Sunday, 22 November 2015


“Impressionism has produced ... not only a new, but a very useful way of looking at things. It is as though all at once a window opens and the sun and air enter your house in torrents” - Marie Bracquemond

Marie Bracquemond (née Quivoron-Pasquiou), was a French painter, printmaker and designer, who came from a family of artists. She was the wife of Félix Bracquemond (1833-1914), a printmaker, designer, painter and writer, and the mother of Pierre Bracquemond (1870-1926), a painter. After a difficult start in life, she began to study drawing at Étampes, near Paris. She took advice from Ingres but never received any formal teaching.

Admitted to the Salon from 1857, she was commissioned by the State to copy pictures in the Louvre. There she met Félix Bracquemond in about 1867 and married him on 5 August 1869. She was involved in her husband’s work for the Haviland Limoges factory and produced in particular several dishes and a wide panel of ceramic tiles entitled the Muses, shown at the Exposition Universelle in Paris in 1878; the sketch for this was shown at the Impressionist Exhibition of 1879 and was greatly admired by Degas.

Originally very much influenced by Ingres and then by Alfred (Emile-Léopold) Stevens, her style of painting changed completely c. 1880 as a consequence of her admiration for Renoir and Monet and subsequently because of advice from Gauguin. The few pictures surviving from this period illustrate her conversion to a clearly Impressionist style, comparable to that of Berthe Morisot and Mary Cassatt. Examples include “The Lady in White” (1880; Cambrai, Musée Municipal), “On the Terrace at Sèvres” (c. 1880; Geneva, Petit Palais) and “Afternoon Tea” (c. 1880; Paris, Petit Palais).

After exhibiting at the Salon in 1874 and 1875, she took part in the Impressionist exhibitions of 1879, 1880 and 1886. In spite of the support of friends such as Gustave Geffroy, her husband was against any broadening of her career, and confined to Sèvres she produced only a limited amount of work.

According to her son Pierre, Félix Bracquemond was often resentful of his wife, brusquely rejecting her critique of his work, and refusing to show her paintings to visitors. In 1890, Marie Bracquemond, worn out by the continual household friction and discouraged by lack of interest in her work, abandoned her painting except for a few private works. She remained a staunch defender of Impressionism throughout her life, even when she was not actively painting.

The retrospective exhibition of 1919 at the Galerie Bernheim-Jeune, Paris, included 90 paintings (to a large extent small sketches), 34 watercolours and 9 engravings. She also produced ceramics and several drawings for ‘La Vie Moderne’ (1879-80). With Morisot, Gonzalès and Cassatt, she was one of the greatest female representatives of Impressionism.

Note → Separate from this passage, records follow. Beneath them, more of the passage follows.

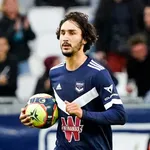 Girondins : Yacine Adli n’est pas content de lui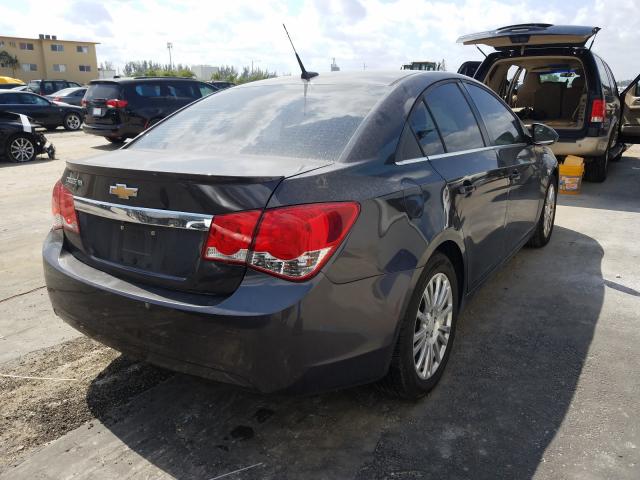 2014 CHEVROLET CRUZE ECO 1G1PJ5SB1E7133929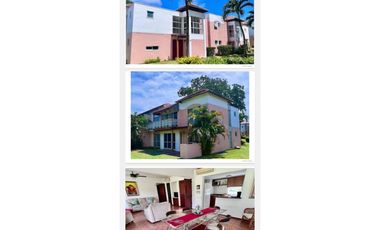 VENDO VILLA EN DECAMRON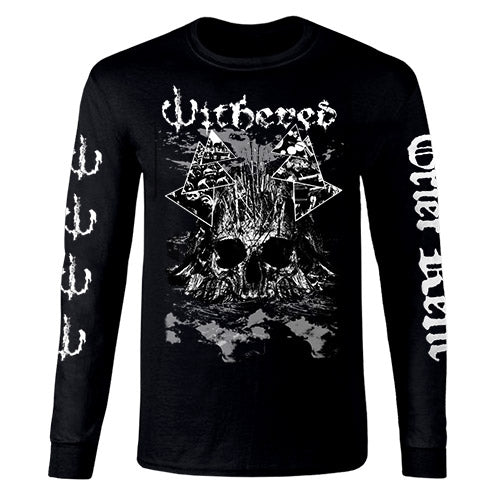 Withered - Grief Relic - Long Sleeve - Atlanta Grind Productions - Image 2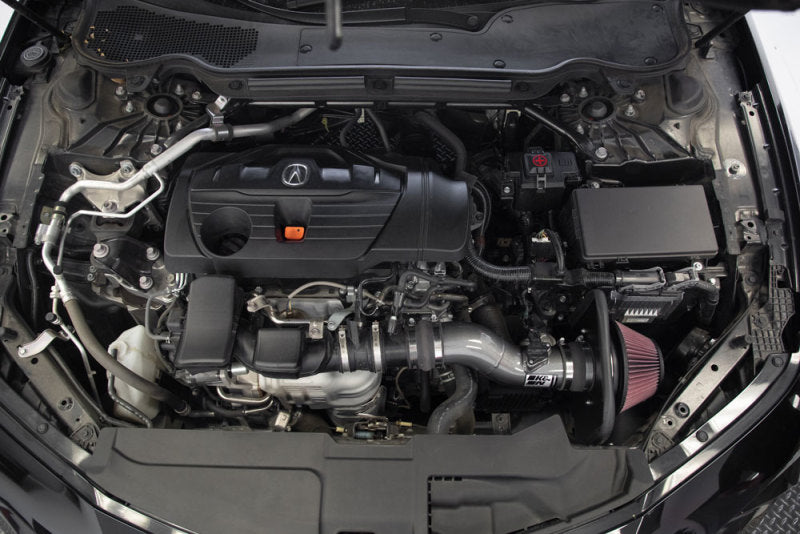 K&N 21-23 Acura TLX Cold-Air Intake System 69-1508TC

The painting of 1887, above is from a private collection and is entitled “Under the Lamp”. Bracquemond has captured an intimate moment of a couple at the dinner table, the light of the lamp lending an added dimension of cosiness and intimacy to the scene. The subdued lighting has not affected the luminous qualities of her colours. The composition is finely balanced although seemingly asymmetric and the overall effect is one that draws the viewer in, participating in the impression of the moment.


  1. I had never heard of this artist, thank you for the introduction.